-- RECORDS FOR THIS TASK --
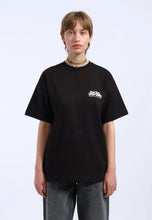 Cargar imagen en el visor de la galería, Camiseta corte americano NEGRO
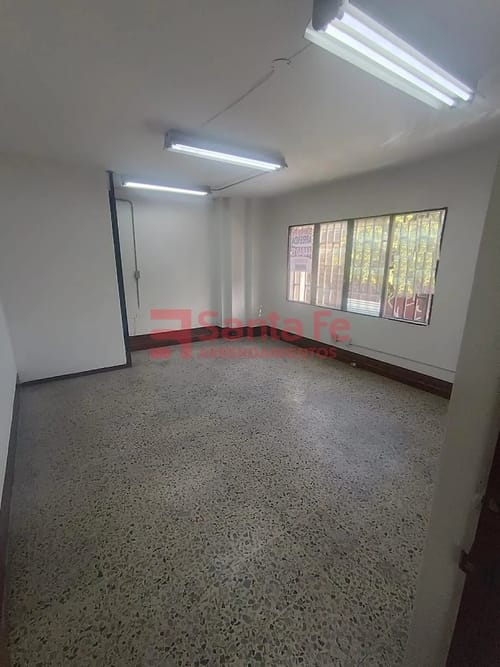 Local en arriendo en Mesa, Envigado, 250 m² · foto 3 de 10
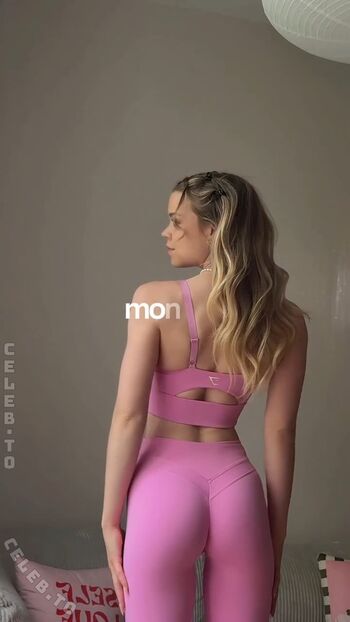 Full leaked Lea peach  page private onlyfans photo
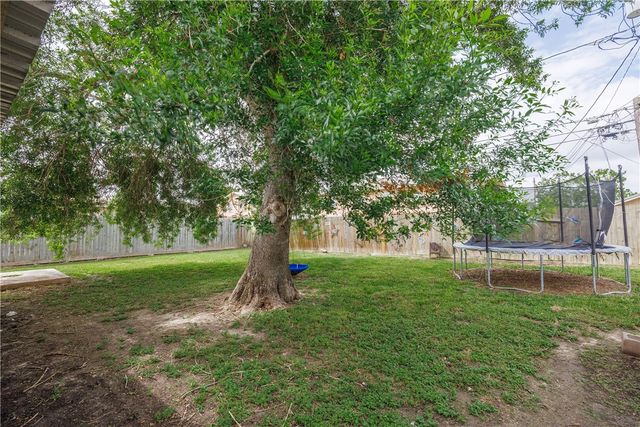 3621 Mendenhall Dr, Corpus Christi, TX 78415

---

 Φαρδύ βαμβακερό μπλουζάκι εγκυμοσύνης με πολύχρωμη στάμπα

-- EXERCISE BRIEF --
Return word for word the lines of the listing above, starting at the line with "Cargar imagen en" and ending at the line with "3621 Mendenhall Dr, Corpus Christi, TX 78415", both included. Pictures do not belong in the copy.

-- RESULT --
 Cargar imagen en el visor de la galería, Camiseta corte americano NEGRO
 Local en arriendo en Mesa, Envigado, 250 m² · foto 3 de 10
 Full leaked Lea peach  page private onlyfans photo
 3621 Mendenhall Dr, Corpus Christi, TX 78415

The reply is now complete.